Avec la perspective d'une récession de plus en plus certaine, la lutte contre les changements climatiques et la réduction des gaz a effet de serre peut sembler non prioritaire et la taxe sur le carbone des libéraux mal venue. Pourquoi en effet taxer le coeur de l'économie? L'ajout d'une bureaucratie comptabilisant les intensités d'émission de chaque entreprise, à partir de 2010, comme le proposent les conservateurs, pourrait en effet paraître plus adéquat et surtout moins dommageable pour l'économie. Deux éléments doivent cependant être discutés: le carbone est-il vraiment au coeur de l'économie et, même s'il l'était, mériterait-il d'être exempté?

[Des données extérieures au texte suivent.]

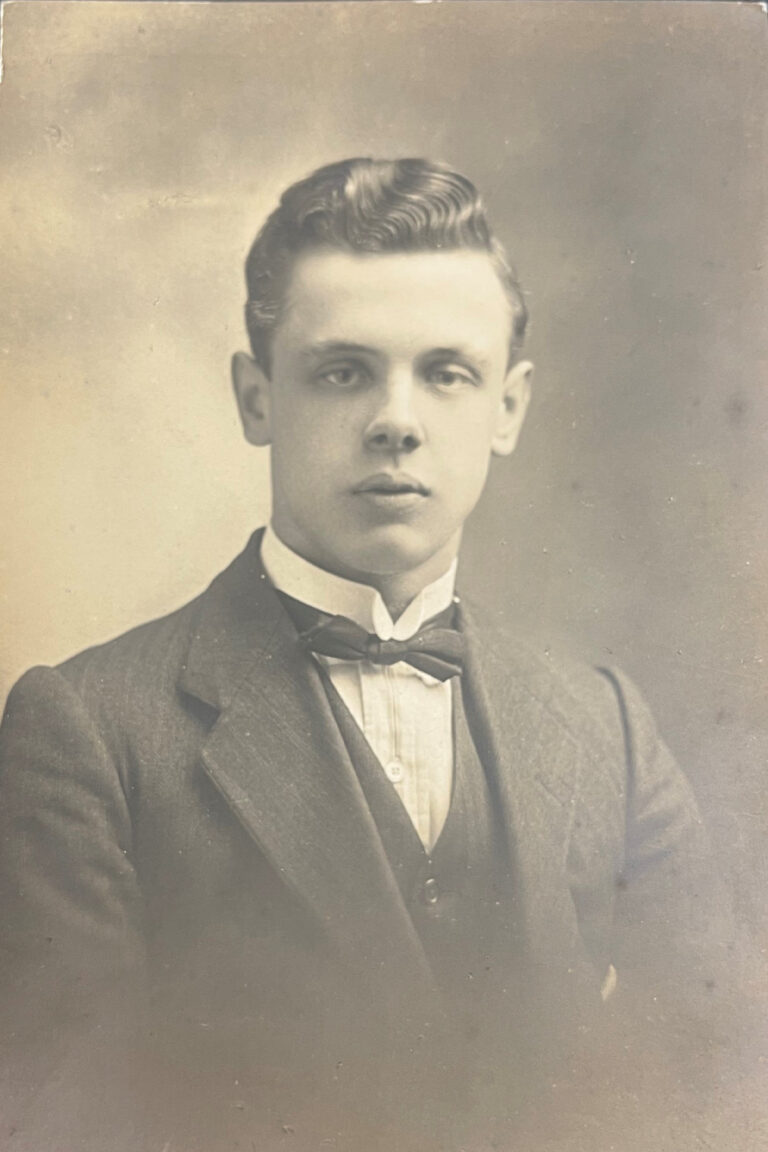https://burgessmemorials.co.uk/wp-content/uploads/2022/10/5-768x1152.jpg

Nous entendons tous parler de pétrole et de gaz naturel, et beaucoup de portefeuilles sont directement touchés par les fluctuations de prix. Mais la réalité est que nous n'utilisons ces hydrocarbures que parce qu'ils nous permettent de nous déplacer, de nous chauffer et d'obtenir de l'électricité. (Nous les utilisons aussi pour de nombreux autres usages, mais dans des proportions bien moindres.) Or, autant pour le transport, le chauffage que pour la production d'électricité, le Canada est particulièrement inefficace: nos voitures consomment plus de litres aux 100 km que les voitures européennes, nos maisons détachées consomment plus d'énergie pour le chauffage et abritent moins de personnes que les maisons attenantes et appartements et, enfin, les centrales thermiques (utilisées surtout en Alberta et en Ontario) sont en moyenne 10 à 20% moins efficaces qu'en Europe.

 

Ce qui est au coeur de l'économie, ce n'est donc pas le carbone, mais des usages éminemment perfectibles qui n'attendent que les bons incitatifs économiques pour être améliorés. Une taxe sur le carbone est exactement l'outil incitatif qu'il nous faut, pour participer à guider nos efforts.

Demande en hydrocarbures

Le contrecoup industriel d'une telle taxe sera de réduire la demande en hydrocarbures, exactement ce que les objectifs de sécurité énergétique exigent. Au Canada, l'Alberta sera la principale province à voir son économie ralentir, parce qu'elle produit la majorité du pétrole et du gaz naturel canadiens. Pour leur gouvernement, cela diminuera les redevances fiscales qu'elle recevra. Mais cela ne changera rien au niveau fédéral, parce que les ressources naturelles sont une compétence exclusive des provinces, ce qui fait que la richesse en hydrocarbures ne profite qu'aux provinces d'où ils viennent. Au Québec, où l'industrie du pétrole est tout à fait marginale, il n'y a que des gains rapides à réaliser en développant une plus grande efficacité énergétique. La taxe sur le carbone nous y incitera véritablement. Si la transition, comme toute transition, est un peu difficile, elle peut cependant se faire rapidement: tous les outils sont là, il ne suffit que de les utiliser avec une bonne mobilisation et une coordination des gouvernements.

Le carbone n'est donc pas vraiment au coeur de l'économie: il est pour l'instant central, mais non essentiel, à des activités clés (transport, chauffage, électricité). C'est la protéine qui donne de la force à nos organes économiques vitaux. Tout comme il est recommandé (et possible) de substituer des protéines végétales aux protéines animales pour des raisons de santé, il faut substituer des énergies propres aux hydrocarbures, pour des raisons de santé environnementale et économique. À moyen et long termes, ces énergies sont moins coûteuses: le coût de production est souvent nul une fois que l'investissement initial est fait (comme c'est le cas pour l'hydroélectricité).

Déjà qu'aucune politique significative n'a été adoptée dans la lutte conter les GES, une exemption lors d'une récession serait une erreur. Ces périodes doivent être l'occasion de changer les pratiques et de réduire les inefficacités, surtout si celles-ci impliquent des énergies importées.

Entre la bureaucratie de l'intensité des émissions que les conservateurs mettent déjà en place pour 2010 et une taxe fiscalement neutre sur le carbone, le choix raisonné ne devrait même pas faire l'objet d'un débat. Les critiques devraient plutôt porter sur les oublis de la taxe: les émissions du secteur agricole et des déchets, et le manque de support massif pour des solutions de rechange en transport, chauffage et production d'électricité. En temps de récession, il faut reconstruire sur de meilleures bases. Celles-ci passent par une écologisation de la fiscalité.